Exercise requirements
Would you please return all of the entries below exactly as shown?

[Dataset records]
Segment Open

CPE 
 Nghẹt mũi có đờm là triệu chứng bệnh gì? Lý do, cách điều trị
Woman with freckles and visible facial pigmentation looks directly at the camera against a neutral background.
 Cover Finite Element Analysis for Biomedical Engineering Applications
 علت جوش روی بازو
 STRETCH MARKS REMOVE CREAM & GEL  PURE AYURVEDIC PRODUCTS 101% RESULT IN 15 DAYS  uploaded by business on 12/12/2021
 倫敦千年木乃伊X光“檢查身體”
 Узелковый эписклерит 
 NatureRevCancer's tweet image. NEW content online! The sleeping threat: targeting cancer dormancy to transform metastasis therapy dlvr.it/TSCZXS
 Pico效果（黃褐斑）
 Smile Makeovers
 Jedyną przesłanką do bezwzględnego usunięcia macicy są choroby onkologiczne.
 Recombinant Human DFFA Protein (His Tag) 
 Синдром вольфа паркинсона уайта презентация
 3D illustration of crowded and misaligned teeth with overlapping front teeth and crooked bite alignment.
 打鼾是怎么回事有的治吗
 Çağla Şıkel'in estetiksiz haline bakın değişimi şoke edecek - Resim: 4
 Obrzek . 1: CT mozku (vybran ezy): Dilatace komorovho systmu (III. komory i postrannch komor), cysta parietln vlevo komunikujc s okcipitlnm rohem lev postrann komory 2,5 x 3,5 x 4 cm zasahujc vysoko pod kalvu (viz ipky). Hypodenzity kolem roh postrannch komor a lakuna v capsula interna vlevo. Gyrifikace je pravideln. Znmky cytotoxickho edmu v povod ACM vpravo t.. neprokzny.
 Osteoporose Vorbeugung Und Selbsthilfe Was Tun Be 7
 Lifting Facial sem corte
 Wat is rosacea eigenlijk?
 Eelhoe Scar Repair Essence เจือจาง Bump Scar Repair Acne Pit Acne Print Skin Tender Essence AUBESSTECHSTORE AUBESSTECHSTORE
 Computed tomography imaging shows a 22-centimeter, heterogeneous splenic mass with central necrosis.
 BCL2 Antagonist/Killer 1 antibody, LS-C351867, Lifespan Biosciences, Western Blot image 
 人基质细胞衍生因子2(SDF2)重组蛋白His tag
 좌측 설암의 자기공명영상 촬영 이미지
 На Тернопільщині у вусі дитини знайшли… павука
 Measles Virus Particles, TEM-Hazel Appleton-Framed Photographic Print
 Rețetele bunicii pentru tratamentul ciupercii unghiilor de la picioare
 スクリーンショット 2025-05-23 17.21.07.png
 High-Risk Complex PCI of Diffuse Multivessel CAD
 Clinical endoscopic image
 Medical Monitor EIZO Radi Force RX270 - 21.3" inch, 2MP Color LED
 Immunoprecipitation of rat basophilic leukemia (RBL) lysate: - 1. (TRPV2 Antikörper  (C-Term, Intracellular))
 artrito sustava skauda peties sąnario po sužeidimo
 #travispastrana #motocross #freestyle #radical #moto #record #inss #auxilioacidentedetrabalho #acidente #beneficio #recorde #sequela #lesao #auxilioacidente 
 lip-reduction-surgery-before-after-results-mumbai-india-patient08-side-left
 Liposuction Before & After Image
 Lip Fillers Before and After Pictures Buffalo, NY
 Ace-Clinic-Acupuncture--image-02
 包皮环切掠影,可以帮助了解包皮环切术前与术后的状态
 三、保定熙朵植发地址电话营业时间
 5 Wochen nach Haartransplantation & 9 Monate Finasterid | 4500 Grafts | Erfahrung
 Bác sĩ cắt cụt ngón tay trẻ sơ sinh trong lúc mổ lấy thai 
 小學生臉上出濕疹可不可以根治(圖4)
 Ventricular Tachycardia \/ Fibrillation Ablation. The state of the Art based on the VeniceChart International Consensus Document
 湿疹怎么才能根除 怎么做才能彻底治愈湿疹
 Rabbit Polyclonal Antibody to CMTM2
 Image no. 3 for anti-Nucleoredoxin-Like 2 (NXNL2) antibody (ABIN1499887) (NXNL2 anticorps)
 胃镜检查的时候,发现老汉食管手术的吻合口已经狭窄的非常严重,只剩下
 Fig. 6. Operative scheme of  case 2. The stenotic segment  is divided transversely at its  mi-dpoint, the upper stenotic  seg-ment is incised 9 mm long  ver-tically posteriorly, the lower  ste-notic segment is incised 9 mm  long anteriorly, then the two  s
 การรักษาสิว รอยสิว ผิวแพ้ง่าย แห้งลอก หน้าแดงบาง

Segment Closed

Your solution
CPE 
 Nghẹt mũi có đờm là triệu chứng bệnh gì? Lý do, cách điều trị
Woman with freckles and visible facial pigmentation looks directly at the camera against a neutral background.
 Cover Finite Element Analysis for Biomedical Engineering Applications
 علت جوش روی بازو
 STRETCH MARKS REMOVE CREAM & GEL  PURE AYURVEDIC PRODUCTS 101% RESULT IN 15 DAYS  uploaded by business on 12/12/2021
 倫敦千年木乃伊X光“檢查身體”
 Узелковый эписклерит 
 NatureRevCancer's tweet image. NEW content online! The sleeping threat: targeting cancer dormancy to transform metastasis therapy dlvr.it/TSCZXS
 Pico效果（黃褐斑）
 Smile Makeovers
 Jedyną przesłanką do bezwzględnego usunięcia macicy są choroby onkologiczne.
 Recombinant Human DFFA Protein (His Tag) 
 Синдром вольфа паркинсона уайта презентация
 3D illustration of crowded and misaligned teeth with overlapping front teeth and crooked bite alignment.
 打鼾是怎么回事有的治吗
 Çağla Şıkel'in estetiksiz haline bakın değişimi şoke edecek - Resim: 4
 Obrzek . 1: CT mozku (vybran ezy): Dilatace komorovho systmu (III. komory i postrannch komor), cysta parietln vlevo komunikujc s okcipitlnm rohem lev postrann komory 2,5 x 3,5 x 4 cm zasahujc vysoko pod kalvu (viz ipky). Hypodenzity kolem roh postrannch komor a lakuna v capsula interna vlevo. Gyrifikace je pravideln. Znmky cytotoxickho edmu v povod ACM vpravo t.. neprokzny.
 Osteoporose Vorbeugung Und Selbsthilfe Was Tun Be 7
 Lifting Facial sem corte
 Wat is rosacea eigenlijk?
 Eelhoe Scar Repair Essence เจือจาง Bump Scar Repair Acne Pit Acne Print Skin Tender Essence AUBESSTECHSTORE AUBESSTECHSTORE
 Computed tomography imaging shows a 22-centimeter, heterogeneous splenic mass with central necrosis.
 BCL2 Antagonist/Killer 1 antibody, LS-C351867, Lifespan Biosciences, Western Blot image 
 人基质细胞衍生因子2(SDF2)重组蛋白His tag
 좌측 설암의 자기공명영상 촬영 이미지
 На Тернопільщині у вусі дитини знайшли… павука
 Measles Virus Particles, TEM-Hazel Appleton-Framed Photographic Print
 Rețetele bunicii pentru tratamentul ciupercii unghiilor de la picioare
 スクリーンショット 2025-05-23 17.21.07.png
 High-Risk Complex PCI of Diffuse Multivessel CAD
 Clinical endoscopic image
 Medical Monitor EIZO Radi Force RX270 - 21.3" inch, 2MP Color LED
 Immunoprecipitation of rat basophilic leukemia (RBL) lysate: - 1. (TRPV2 Antikörper  (C-Term, Intracellular))
 artrito sustava skauda peties sąnario po sužeidimo
 #travispastrana #motocross #freestyle #radical #moto #record #inss #auxilioacidentedetrabalho #acidente #beneficio #recorde #sequela #lesao #auxilioacidente 
 lip-reduction-surgery-before-after-results-mumbai-india-patient08-side-left
 Liposuction Before & After Image
 Lip Fillers Before and After Pictures Buffalo, NY
 Ace-Clinic-Acupuncture--image-02
 包皮环切掠影,可以帮助了解包皮环切术前与术后的状态
 三、保定熙朵植发地址电话营业时间
 5 Wochen nach Haartransplantation & 9 Monate Finasterid | 4500 Grafts | Erfahrung
 Bác sĩ cắt cụt ngón tay trẻ sơ sinh trong lúc mổ lấy thai 
 小學生臉上出濕疹可不可以根治(圖4)
 Ventricular Tachycardia \/ Fibrillation Ablation. The state of the Art based on the VeniceChart International Consensus Document
 湿疹怎么才能根除 怎么做才能彻底治愈湿疹
 Rabbit Polyclonal Antibody to CMTM2
 Image no. 3 for anti-Nucleoredoxin-Like 2 (NXNL2) antibody (ABIN1499887) (NXNL2 anticorps)
 胃镜检查的时候,发现老汉食管手术的吻合口已经狭窄的非常严重,只剩下
 Fig. 6. Operative scheme of  case 2. The stenotic segment  is divided transversely at its  mi-dpoint, the upper stenotic  seg-ment is incised 9 mm long  ver-tically posteriorly, the lower  ste-notic segment is incised 9 mm  long anteriorly, then the two  s
 การรักษาสิว รอยสิว ผิวแพ้ง่าย แห้งลอก หน้าแดงบาง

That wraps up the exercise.